PROBLEM DETAILS —
There is a line containing "Fox Turquoise Adjustable Ring" in the records below. Repeat it and every line after it, exactly, through the final line, but no pictures.

:: INFORMATION SUPPLIED ::

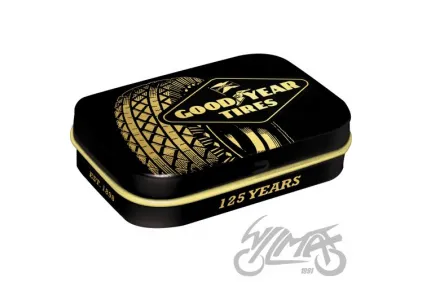 MĖTYNIŲ SALDAINIŲ DĖŽUTĖ GOODYEAR 125 METŲ PADANGA 82738 OPK 4 vnt.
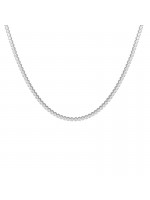 Κολιέ λευκόχρυσο 9Κ ριβιέρα choker D044961 D044961
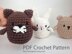 Bear, Cat and Bunny Rabbit Crochet Pattern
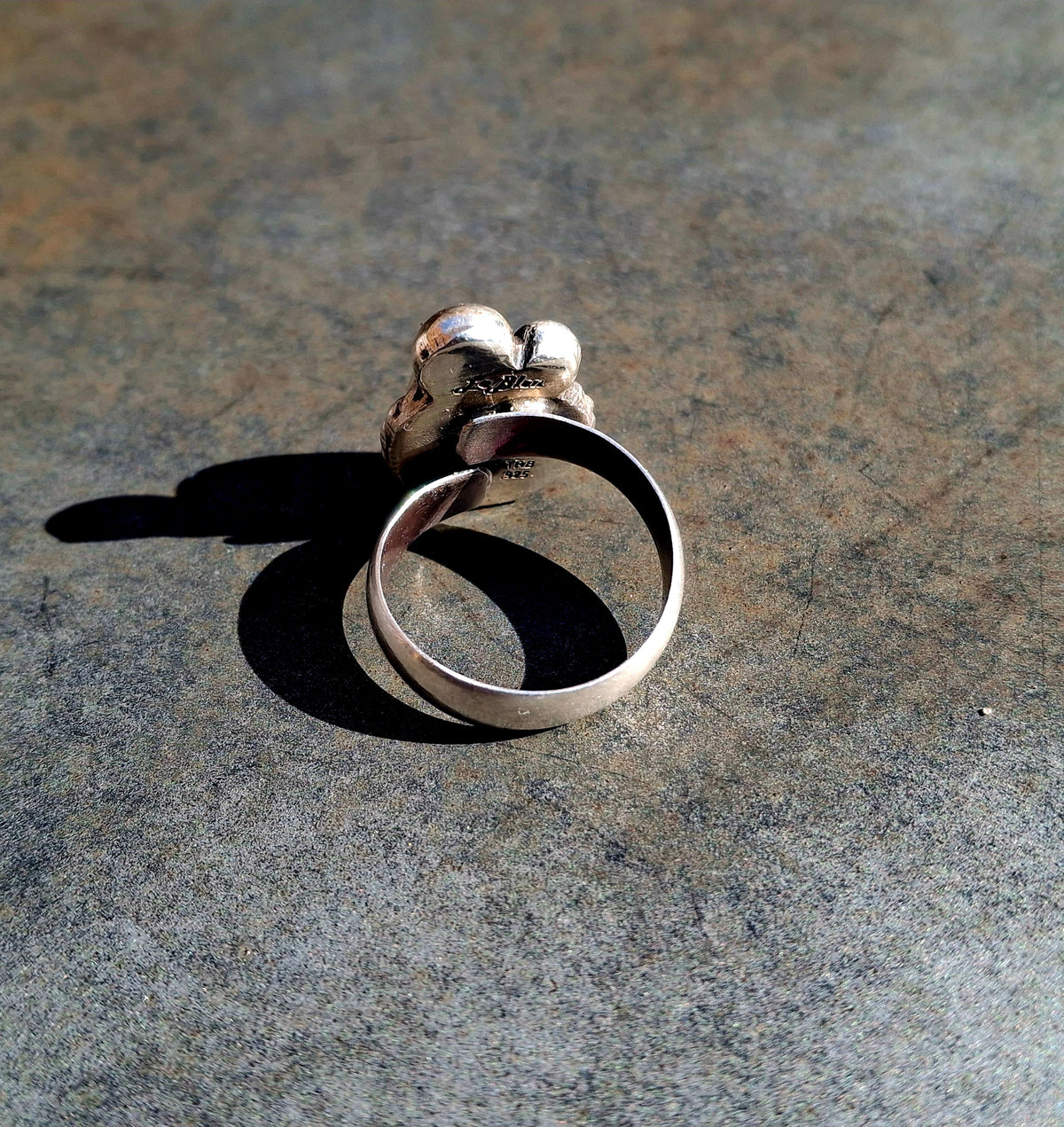 Fox Turquoise Adjustable Ring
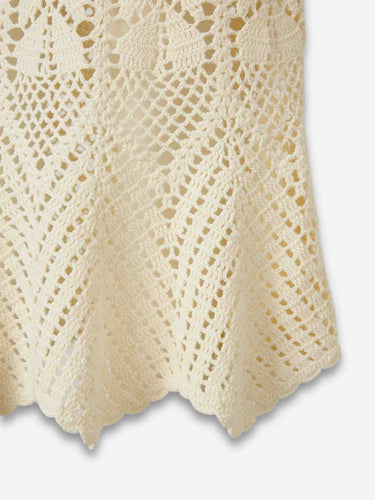 Zimmermann Mujer Barcelona Falda Midi Crochet color Crema sku 750-001744 01 - Foto 4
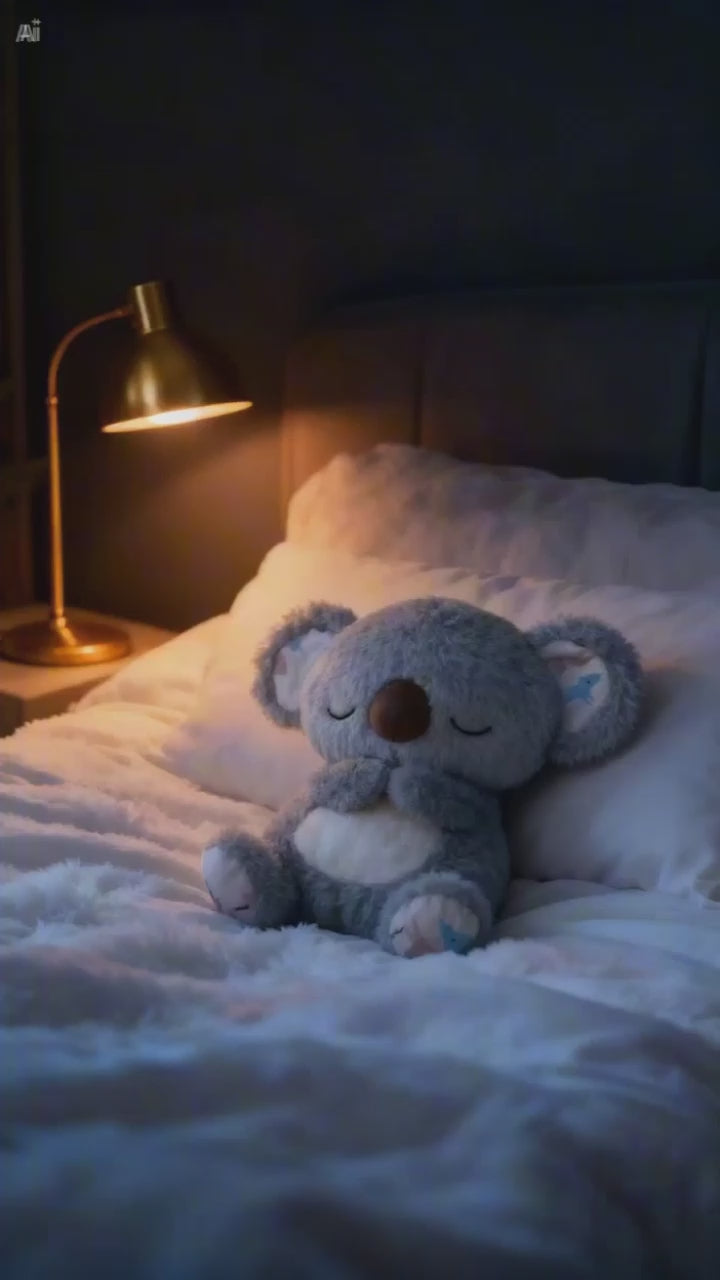 Zen Koala: Peluche que Respira | Alivio de Ansiedad y Descanso Profundo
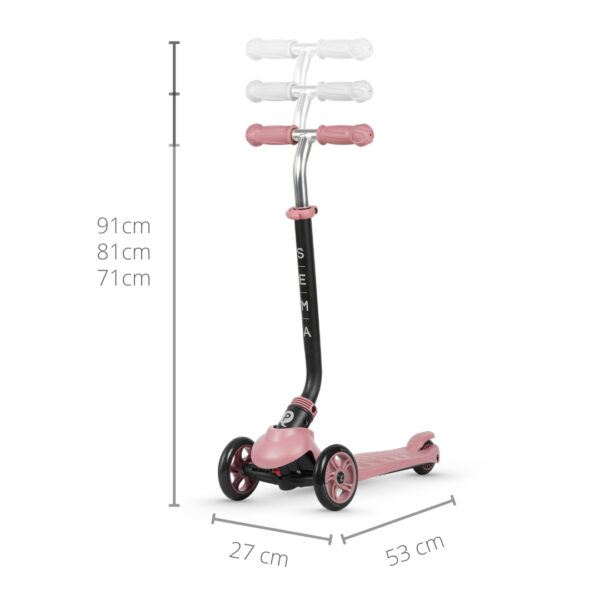 Trotineta 3-in-1 QPlay SEMA Pink - imagine 6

:::

FINISHED EXERCISE —
 Fox Turquoise Adjustable Ring
 Zimmermann Mujer Barcelona Falda Midi Crochet color Crema sku 750-001744 01 - Foto 4
 Zen Koala: Peluche que Respira | Alivio de Ansiedad y Descanso Profundo
 Trotineta 3-in-1 QPlay SEMA Pink - imagine 6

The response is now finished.